Fish dedica molta attenzione al tema, tanto da interessarsi personalmente alle sostanze che entrano nel suo corpo. “Io e il mio allenatore abbiamo preso molto sul serio il doping. Gli chiedo informazioni su qualsiasi cosa, non importa se si tratta di una pillola o una pomata. In questo modo siamo sicuro che un incidente di questo tipo non mi possa accadere”. Secondo Isner, l’introduzione del passaporto biologico (definitivamente entrato in vigore) potrebbe essere il giusto incentivo per scoraggiare pratiche illegali, proprio come accaduto in altri sport. Secondo la WADA, il principio del passaporto biologico è il seguente: “C’è il monitoraggio di parametri biologici selezionati nel corso del tempo, che sono in grado di rivelare indirettamente gli effetti del doping piuttosto che il rilevamento della singola sostanza dopante”. In questo modo, il controllo periodico dell’atleta consente di scoprire eventuali anomalie. “Sono un sostenitore del passaporto biologico. Ho visto che Lance Armstrong è finito nei guai proprio a causa di questo. Se questo sistema aumenta le probabilità di scoprire gli eventuali impostori, io sarei per prendere vecchi campioni e analizzarli di nuovo”.
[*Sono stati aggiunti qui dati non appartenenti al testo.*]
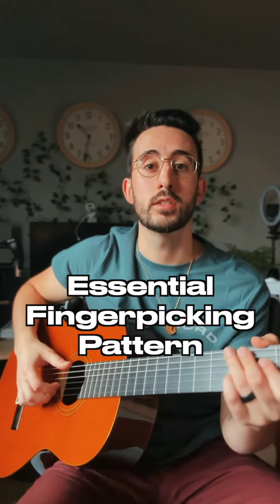Here's a great finger picking pattern for acoustic guitar players. We're going to set it up with two chords: G and C. We're only going to use our ring finger to play the bass notes — that's the third fret of the low E for the G, and the third fret of the A for the C.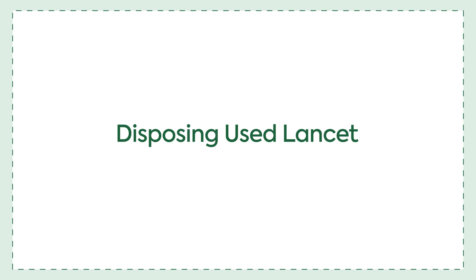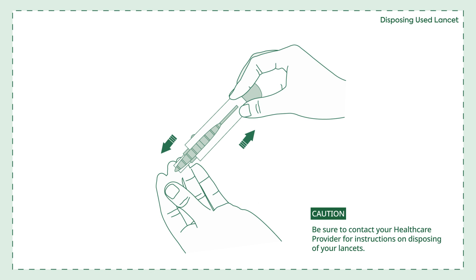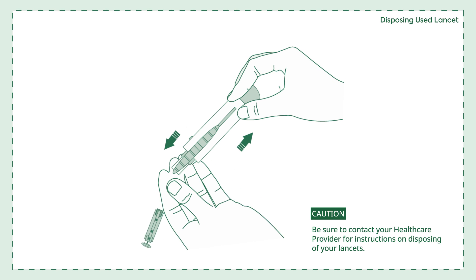Disposing of your lancet. Push the needle into the protective cover, then pull the lancet out. Be sure to contact your healthcare provider for instructions on disposing of your lancets.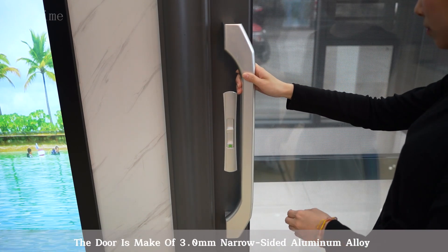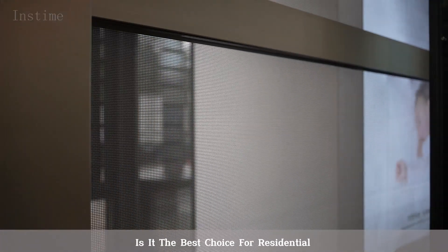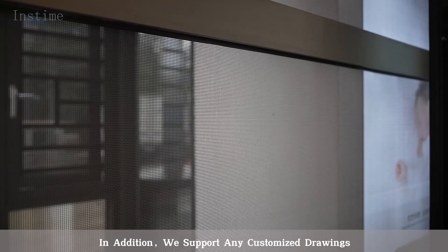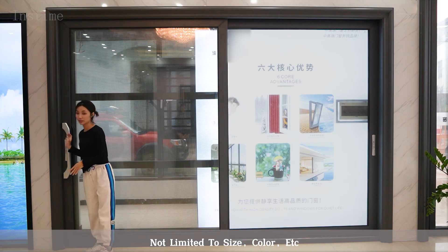The door is made of 3.0 mm narrow-sided aluminum alloy. It is the best choice for residential use. In addition, we support any customized drawings, not limited to size, color, etc.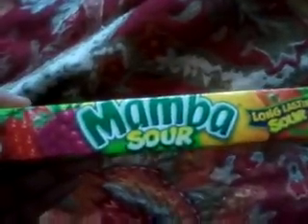Anyway, this is why I'm reviewing Mamba. Back to the review — first of all, you get your Mamba pack: Mamba Sour, long-lasting sour. It has four fruit flavors. It's a nice little logo featuring the Mamba name. The sour edition is green instead of the regular color, which is a nice change.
Nonostante i casi emersi di recente, Fish è convinto che il tennis sia relativamente pulito. A suo dire, i tennisti hanno un minuscolo margine di manovra perché il sistema dei whereabouts è molto stringente. “Questa regola è molto dura, ne sono consapevole. In ogni singolo giorno della mia vita, devo sacrificare un’ora in nome dell’antidoping”. Isner è sulla stessa lunghezza d’onda. “Credo proprio che i tennisti siano testati parecchio rispetto agli atleti di altre discipline. Durante le competizioni ci controllano spesso. Io, poi, sono stato testato anche fuori dai tornei, e non soltanto sulle urine ma anche sul sangue. Una volta, nella stessa mattina, mi hanno raccolto entrambi i campioni. Uno a distanza di 30 minuti dall’altro”. Andrea Petkovic accetta che le regole siano molto severe (“Ovviamente tutti vogliamo battere il doping”), tuttavia ritiene che il doping non serva a migliorare le prestazioni di un tennista. “Secondo me non aiuta. Puoi essere il più forte al mondo e alzare pesi da 200 chili, ma questo non ti rende un tennista migliore. Il doping non ti dà il senso del campo, la precisione dei colpi”. La Petkovic sostiene che sia molto pericoloso generalizzare, e si è espressa sul caso di Troicki. “Lo conosco sin da bambino e so di suoi svenimenti a causa degli aghi. E’ opportuno che le regole siano severe, ma a volte bisogna guardare oltre e prendere le decisioni giuste per una singola persona”. Sicuramente oggi è più difficile barare rispetto a qualche anno fa. Non sappiamo se sia per la paura di essere beccati o perché il sistema, effettivamente, funziona. Ma è certo che il caso di Wayne Odesnik del 2010 abbia segnato una sorta di spartiacque nella storia dell’antidoping tennistico.